Mummers
by Jonathan Rovner
We stopped just inside the entrance and watched them. Up the dirt-packed slope they walked in train, with king and queen at the head of the column and the rest trailing after: princes and princesses, squires, guards, assorted barons, baronesses, dukes and duchesses, all of them wrapped inside thick embroidered costumes. The procession trod slowly; bagpipers followed at a respectful distance, playing the royals into an open-air canopy where with pomp and pomposity they sat and gazed out at awestruck children and their parents, never smiling or breaking character, but merely gazing: uncurious, oblivious, noble.
“You gotta be kidding me.” Seth removed his sunglasses and winced up at all the king’s men, as though to convince himself it wasn’t some horrible fever dream.
Then he placated his hangover by shoving his glasses back on his face. “This is the stupidest idea you’ve ever had, Twitch. And that’s saying something.”
Baby Duke stayed between me and Seth, shifting his weight uneasily. He looked more afraid than skeptical. “It could be fun,” he said quietly, dropping his eyes. Beads of sweat dotted his forehead; he left them glistening, afraid to draw attention to himself. He didn’t want to be here. Baby wore bluejeans and a Rockies sweatshirt with the left sleeve pinned to his side so it wouldn’t sway as he walked. He’d probably be more comfortable back home under the covers swimming in central air. Probably wanted to be anywhere else but in Larkspur in a dry dirt field on a dry hot day, surrounded by play-acting royals, suburban fair-goers and random costumed freaks.
I didn’t blame him. It wasn’t exactly my crowd either, but Seth and I had made a pact. Baby’s road to recovery would not be a touchy-feely affair. If only because it wasn’t our style and, anyway, we didn’t know how. Instead we’d let him run the gauntlet alone and leave the kid-gloves and the pity with his father and his physical therapist and his other therapist and everyone else he would ever meet. There would be rubbernecking stares and rude encounters and strange faces flush with the kind of cheap sympathy that tries to take a piece of you away, but Seth and I wouldn’t interfere or take the bullet. Baby Duke had better learn to deal with it.
“We’ll make it fun,” I said. “There’s beer.”
Seth perked up a bit. “Of course there is,” he said with conviction. “Take a doctor’s advice–once you black out, this place is a laugh riot.”

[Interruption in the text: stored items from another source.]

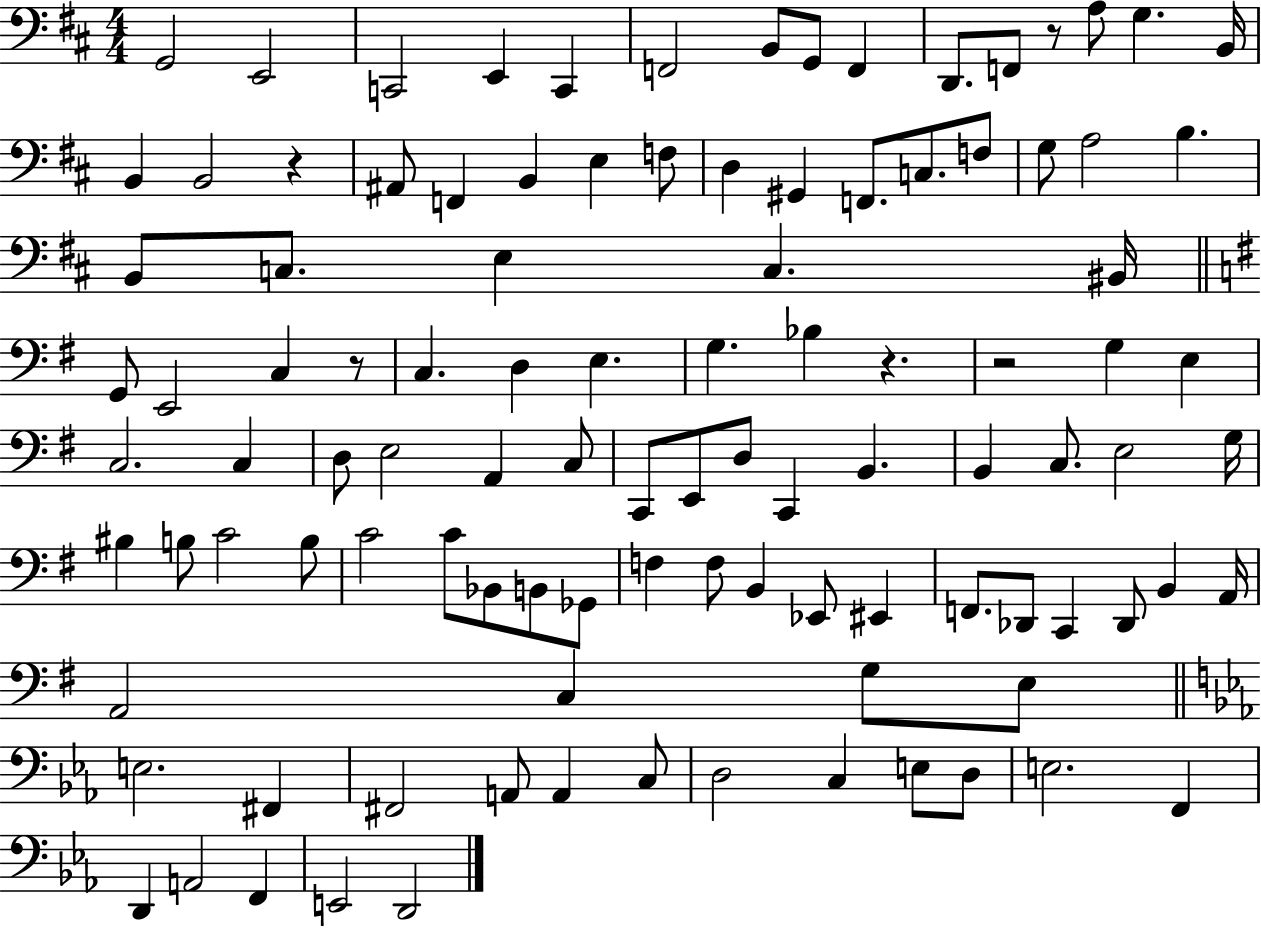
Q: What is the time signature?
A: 4/4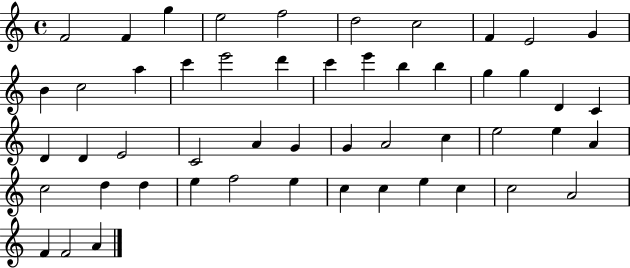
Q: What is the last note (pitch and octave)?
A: A4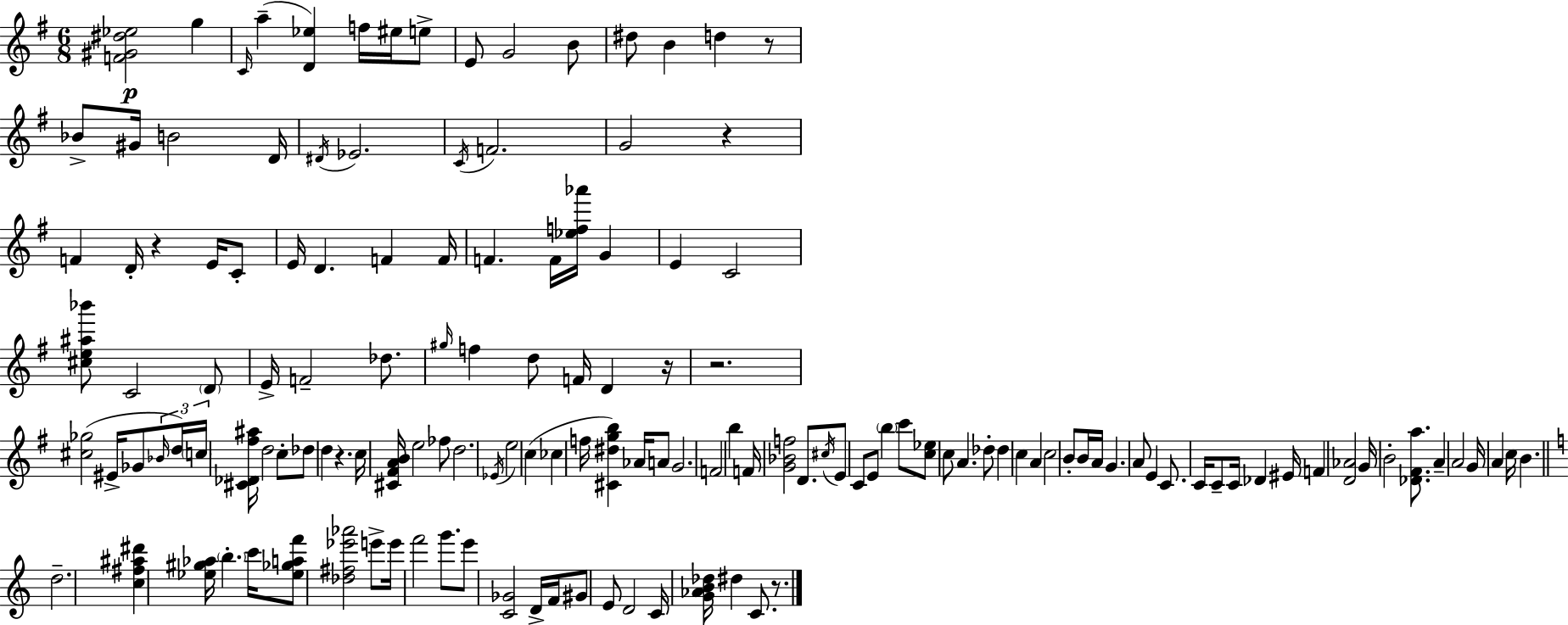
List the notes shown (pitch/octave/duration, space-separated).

[F4,G#4,D#5,Eb5]/h G5/q C4/s A5/q [D4,Eb5]/q F5/s EIS5/s E5/e E4/e G4/h B4/e D#5/e B4/q D5/q R/e Bb4/e G#4/s B4/h D4/s D#4/s Eb4/h. C4/s F4/h. G4/h R/q F4/q D4/s R/q E4/s C4/e E4/s D4/q. F4/q F4/s F4/q. F4/s [Eb5,F5,Ab6]/s G4/q E4/q C4/h [C#5,E5,A#5,Bb6]/e C4/h D4/e E4/s F4/h Db5/e. G#5/s F5/q D5/e F4/s D4/q R/s R/h. [C#5,Gb5]/h EIS4/s Gb4/e Bb4/s D5/s C5/s [C#4,Db4,F#5,A#5]/s D5/h C5/e Db5/e D5/q R/q. C5/s [C#4,F#4,A4,B4]/s E5/h FES5/e D5/h. Eb4/s E5/h C5/q CES5/q F5/s [C#4,D#5,G5,B5]/q Ab4/s A4/e G4/h. F4/h B5/q F4/s [G4,Bb4,F5]/h D4/e. C#5/s E4/e C4/e E4/e B5/q C6/e [C5,Eb5]/e C5/e A4/q. Db5/e Db5/q C5/q A4/q C5/h B4/e B4/s A4/s G4/q. A4/e E4/q C4/e. C4/s C4/e C4/s Db4/q EIS4/s F4/q [D4,Ab4]/h G4/s B4/h [Db4,F#4,A5]/e. A4/q A4/h G4/s A4/q C5/s B4/q. D5/h. [C5,F#5,A#5,D#6]/q [Eb5,G#5,Ab5]/s B5/q. C6/s [Eb5,Gb5,A5,F6]/e [Db5,F#5,Eb6,Ab6]/h E6/e E6/s F6/h G6/e. E6/e [C4,Gb4]/h D4/s F4/s G#4/e E4/e D4/h C4/s [G4,Ab4,B4,Db5]/s D#5/q C4/e. R/e.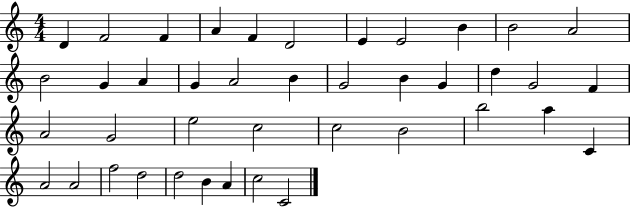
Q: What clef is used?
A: treble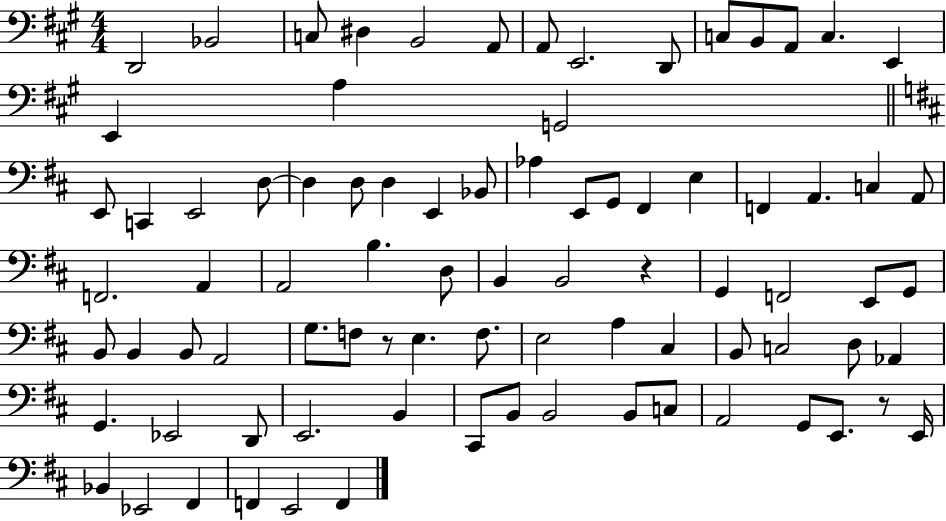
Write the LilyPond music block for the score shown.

{
  \clef bass
  \numericTimeSignature
  \time 4/4
  \key a \major
  d,2 bes,2 | c8 dis4 b,2 a,8 | a,8 e,2. d,8 | c8 b,8 a,8 c4. e,4 | \break e,4 a4 g,2 | \bar "||" \break \key d \major e,8 c,4 e,2 d8~~ | d4 d8 d4 e,4 bes,8 | aes4 e,8 g,8 fis,4 e4 | f,4 a,4. c4 a,8 | \break f,2. a,4 | a,2 b4. d8 | b,4 b,2 r4 | g,4 f,2 e,8 g,8 | \break b,8 b,4 b,8 a,2 | g8. f8 r8 e4. f8. | e2 a4 cis4 | b,8 c2 d8 aes,4 | \break g,4. ees,2 d,8 | e,2. b,4 | cis,8 b,8 b,2 b,8 c8 | a,2 g,8 e,8. r8 e,16 | \break bes,4 ees,2 fis,4 | f,4 e,2 f,4 | \bar "|."
}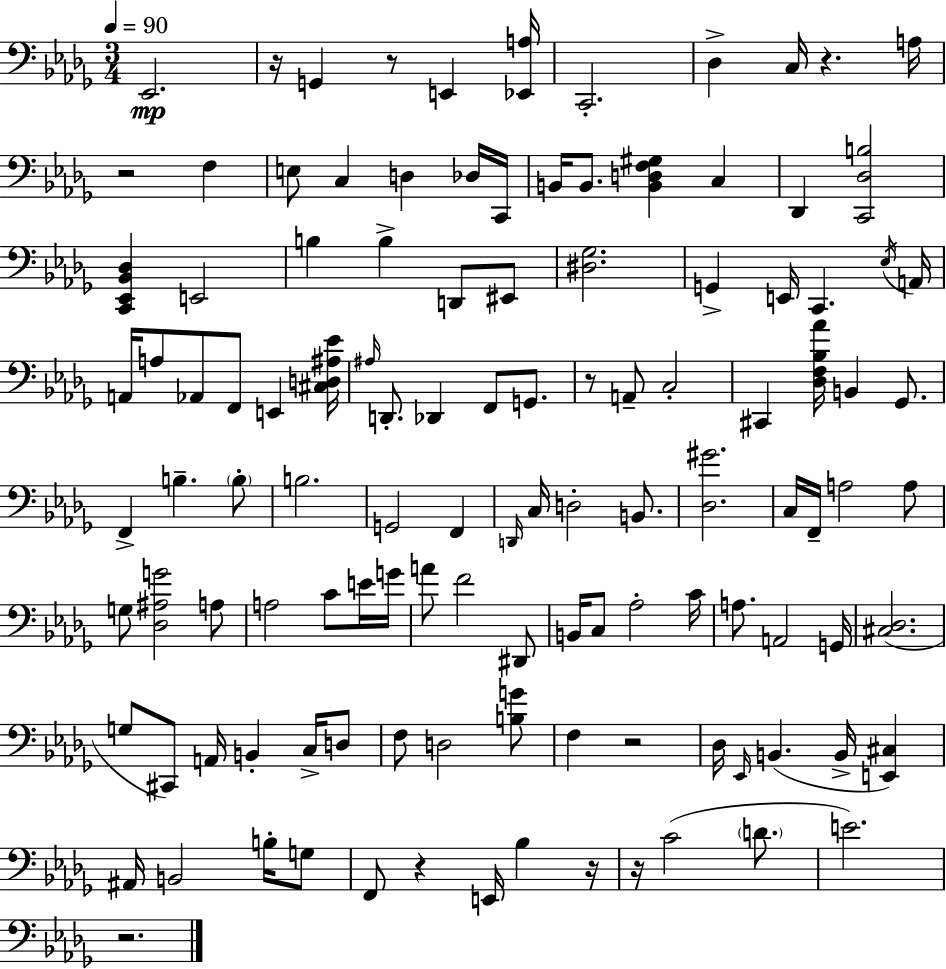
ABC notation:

X:1
T:Untitled
M:3/4
L:1/4
K:Bbm
_E,,2 z/4 G,, z/2 E,, [_E,,A,]/4 C,,2 _D, C,/4 z A,/4 z2 F, E,/2 C, D, _D,/4 C,,/4 B,,/4 B,,/2 [B,,D,F,^G,] C, _D,, [C,,_D,B,]2 [C,,_E,,_B,,_D,] E,,2 B, B, D,,/2 ^E,,/2 [^D,_G,]2 G,, E,,/4 C,, _E,/4 A,,/4 A,,/4 A,/2 _A,,/2 F,,/2 E,, [^C,D,^A,_E]/4 ^A,/4 D,,/2 _D,, F,,/2 G,,/2 z/2 A,,/2 C,2 ^C,, [_D,F,_B,_A]/4 B,, _G,,/2 F,, B, B,/2 B,2 G,,2 F,, D,,/4 C,/4 D,2 B,,/2 [_D,^G]2 C,/4 F,,/4 A,2 A,/2 G,/2 [_D,^A,G]2 A,/2 A,2 C/2 E/4 G/4 A/2 F2 ^D,,/2 B,,/4 C,/2 _A,2 C/4 A,/2 A,,2 G,,/4 [^C,_D,]2 G,/2 ^C,,/2 A,,/4 B,, C,/4 D,/2 F,/2 D,2 [B,G]/2 F, z2 _D,/4 _E,,/4 B,, B,,/4 [E,,^C,] ^A,,/4 B,,2 B,/4 G,/2 F,,/2 z E,,/4 _B, z/4 z/4 C2 D/2 E2 z2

“You’re not a doctor,“ I started, but Seth was already halfway up the slope, passing under banners and flags with rainbow patterns and the crests of lions and arrows that were either invented whole-cloth or else too old to matter. Baby and I watched him tramp up through the crowd of musicians playing for tips and pale middle-aged women selling hoop earrings and necklaces. Seth’s cheap, dog-eared copy of Confessions stuck half out of his back pocket. Two months ago he had finished up his second year of medical school in Iowa City, then abruptly quit without a word of explanation. In three weeks he would be in Mount Angel, Oregon, in seminary. Until then, obsessed with Augustine, he had decided that the more sins he had to wash clean, the better priest he could be, and spent his time planning and executing more and more creative ways to be wicked.
Baby turned and gave a wan smile. “I don’t know,” he said, then swallowed and pursed his lips and just looked at me.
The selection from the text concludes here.